Cybersecurity Image

Cybersecurity is a new discipline, which is neither well-defined nor sensibly delineated. In different settings, it means different things to different people. Beneath its grand label hides a jumble of electrical engineering, networking, cryptography, psychology, and social sciences­. Well-trained, certified – and successful – Cybersecurity experts must be steeped in all the attributes affecting security of their particular systems and must be willing to stay the course for their entire career by constantly sharpening their skills. In other words, Cybersecurity experts cannot be products of a two-week, online course.

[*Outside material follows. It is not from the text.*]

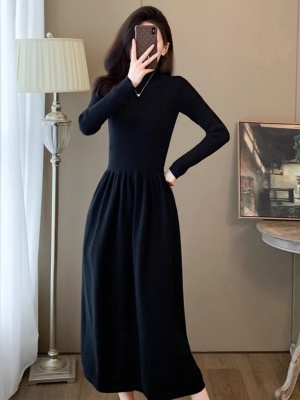秋冬季修身显瘦毛衣打底内搭连衣裙针织赫本风半高领小黑裙中长款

They cannot acquire their skills without being exposed to real-world scenarios and infrastructures, and they cannot do it without experienced mentors.

Fortunately, the same process – technology consolidation – that has created an effective environment for cyber attacks, also makes generalized cybersecurity education possible. In many ways, the situation is not much different from medicine where prerequisites must be satisfied first, and where continuing education is assumed and required. As in medicine, Cybersecurity training must be understood in the context of a demanding, but rewarding, life-long career.



NSF Award #: 1642118

In 2016, GW’s Research and Technology Services (RTS) proposed a solution and was awarded half a million dollars to develop a comprehensive platform for hands on cybersecurity education. The SCEPTRE project (Substrate for Cybersecurity Education; a Platform for Training, Research and Experimentation) utilized a previous, NSF-funded project (SDNX – Award #: 1246386) and developed a cybersecurity education platform on top of the SDNX infrastructure as one of its many applications. Between 2016 and 2020, the Capital Region Advanced Cyber Range (CRACR) has evolved into a powerful, scalable product capable of instantiating real cyberinfrastructures, including their cyber-physical components, accessible from both classroom and remote locations.